Structure and Function of the Hypertension Variant A486V of G Protein-coupled Receptor Kinase 4

Abstract

G-protein-coupled receptor (GPCR) kinases (GRKs) bind to and phosphorylate GPCRs, initiating the process of GPCR desensitization and internalization. GRK4 is implicated in the regulation of blood pressure, and three GRK4 polymorphisms (R65L, A142V, and A486V) are associated with hypertension. Here, we describe the 2.6 Å structure of human GRK4α A486V crystallized in the presence of 5'-adenylyl β,γ-imidodiphosphate. The structure of GRK4α is similar to other GRKs, although slight differences exist within the RGS homology (RH) bundle subdomain, substrate-binding site, and kinase C-tail. The RH bundle subdomain and kinase C-terminal lobe form a strikingly acidic surface, whereas the kinase N-terminal lobe and RH terminal subdomain surfaces are much more basic. In this respect, GRK4α is more similar to GRK2 than GRK6. A fully ordered kinase C-tail reveals interactions linking the C-tail with important determinants of kinase activity, including the αB helix, αD helix, and the P-loop. Autophosphorylation of wild-type GRK4α is required for full kinase activity, as indicated by a lag in phosphorylation of a peptide from the dopamine D1 receptor without ATP preincubation. In contrast, this lag is not observed in GRK4α A486V. Phosphopeptide mapping by mass spectrometry indicates an increased rate of autophosphorylation of a number of residues in GRK4α A486V relative to wild-type GRK4α, including Ser-485 in the kinase C-tail.
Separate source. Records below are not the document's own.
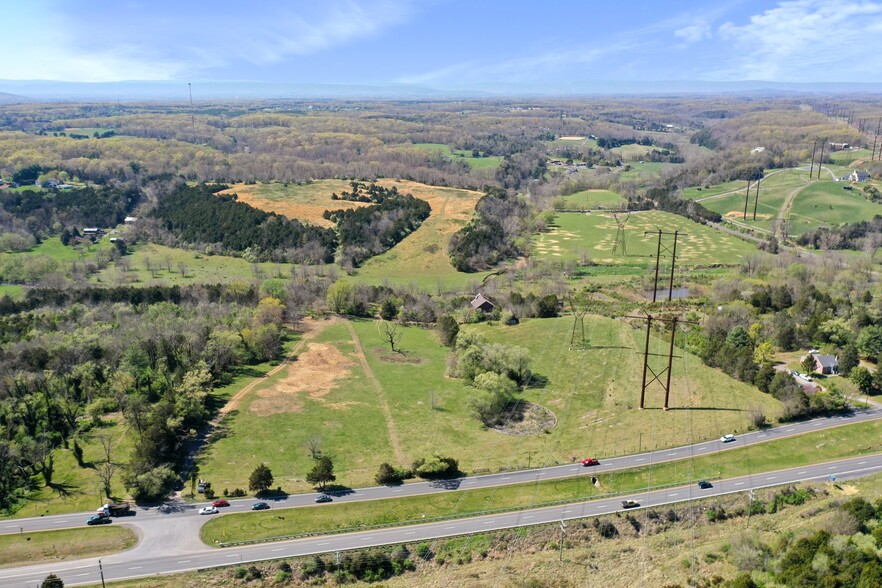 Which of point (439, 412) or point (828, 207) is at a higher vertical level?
point (828, 207)

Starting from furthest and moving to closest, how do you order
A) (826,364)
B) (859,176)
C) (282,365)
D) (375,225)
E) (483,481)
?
(859,176), (375,225), (282,365), (826,364), (483,481)

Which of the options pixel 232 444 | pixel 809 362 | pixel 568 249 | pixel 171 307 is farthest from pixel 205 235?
pixel 809 362

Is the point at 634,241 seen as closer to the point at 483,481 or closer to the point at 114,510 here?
the point at 483,481

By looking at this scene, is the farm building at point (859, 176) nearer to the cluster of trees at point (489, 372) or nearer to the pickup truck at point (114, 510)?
the cluster of trees at point (489, 372)

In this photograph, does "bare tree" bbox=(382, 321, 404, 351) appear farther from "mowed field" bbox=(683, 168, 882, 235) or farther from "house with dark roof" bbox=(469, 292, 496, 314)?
"mowed field" bbox=(683, 168, 882, 235)

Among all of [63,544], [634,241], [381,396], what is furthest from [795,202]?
[63,544]

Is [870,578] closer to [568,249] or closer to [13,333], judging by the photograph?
[13,333] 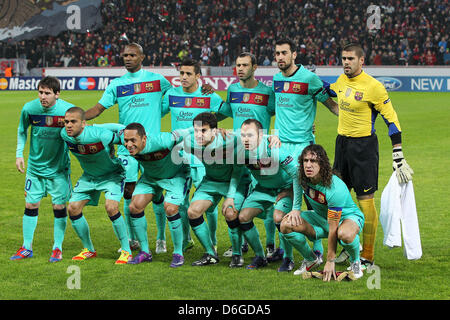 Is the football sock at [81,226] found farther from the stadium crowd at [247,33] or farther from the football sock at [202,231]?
the stadium crowd at [247,33]

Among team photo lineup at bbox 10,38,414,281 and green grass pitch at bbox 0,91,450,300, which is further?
team photo lineup at bbox 10,38,414,281

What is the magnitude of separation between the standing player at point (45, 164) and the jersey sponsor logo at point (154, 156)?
3.41 feet

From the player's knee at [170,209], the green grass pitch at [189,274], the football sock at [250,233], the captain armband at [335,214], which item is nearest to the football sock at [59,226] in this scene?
the green grass pitch at [189,274]

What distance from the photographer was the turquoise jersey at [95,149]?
23.1 feet

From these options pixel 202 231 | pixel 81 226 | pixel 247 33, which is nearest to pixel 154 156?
pixel 202 231

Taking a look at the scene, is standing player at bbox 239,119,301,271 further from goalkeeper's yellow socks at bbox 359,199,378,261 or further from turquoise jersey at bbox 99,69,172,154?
turquoise jersey at bbox 99,69,172,154

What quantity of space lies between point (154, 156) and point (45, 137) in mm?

Keywords: G-protein-coupled receptor (GPCR); GRK4; dopamine D1 receptor; hypertension; kinetics; phosphorylation; serine/threonine protein kinase; x-ray crystallography.

FIGURE 1.

Sequence alignment of GRK4 splice variants α, β, γ, and δ with representative members of the GRK family. All sequences are human. Every 10th residue in GRK4α is denoted by a black asterisk above the alignment. The four GRK4 splice variants result from alternative splicing of exons 2 and 15 in the RH domain, with GRK4β missing exon 2 (residues 18–49), GRK4γ missing exon 15 (residues 516–561), and GRK4δ missing exons 2 and 15 (residues 18–49 and 516–561) relative to full-length GRK4 (GRK4α). The sequence of the kinase domain is identical for all four GRK4 splice variants. Conserved residues are shown in cyan; the DFG motif at the start of the activation loop (DLG in the GRK family) is shown in red, and GRK4 hypertension-related mutations are in magenta. The SA/VV motif (residues 485–487 in human GRK4α) is in blue. This motif is STV in human GRK5, human GRK6, human GRK1, dog GRK4, and bovine GRK4; SVI in rabbit GRK4; and SVV in rat, chimp, and mouse GRK4. The secondary structural elements of GRK4α are shown above the alignment, with cylinders representing α-helices, arrows representing β-strands, and lines representing unstructured residues. Secondary structural elements are colored as follows: RH terminal subdomain in orange; RH bundle subdomain in blue; kinase domain β-strands in yellow; and kinase domain α-helices in green. Disordered residues at the N and C termini in the structure of GRK4α are in gray. Additional helices at the N and C termini of GRK6 bound to sangivamycin (αNT and αCT) (41) are shown in purple.

FIGURE 2.

Crystal structure of human GRK4α A486V. A, crystal structure contains two molecules in the asymmetric unit. The N terminus (N) and C terminus (C) of chain A are labeled, and the C terminus is labeled for chain B. The N terminus of chain B is on the back of the structure as shown and is not visible. The RH domain of chain A is shown in orange, and the kinase domain of chain A is in green. Chain B is shown in cyan. AMPPN is in space-fill. B, GRK4α chain A (shown in red) overlaid with chain A of GRK6 bound to AMPPNP (26) (shown in yellow). Regions of the proteins that vary between the two structures are highlighted on the GRK4α structure in cyan. These are as follows: (i) the bundle subdomain of the RH domain; (ii) the substrate-binding channel of the kinase domain large lobe (e.g. αD–αE and αF-αG loops), and (iii) the region around the C-tail of the kinase domain. Hypertension-related mutations of GRK4 (R65L, A142L, and A486V) are shown in magenta. C, simulated annealing omit maps for AMPPN. 2m|F_o| − D|F_c|map (blue mesh) contoured at 1σ. The m|F_o| − D|F_c| maps are contoured at ±3σ and shown as green (positive density) and red (negative density) meshes.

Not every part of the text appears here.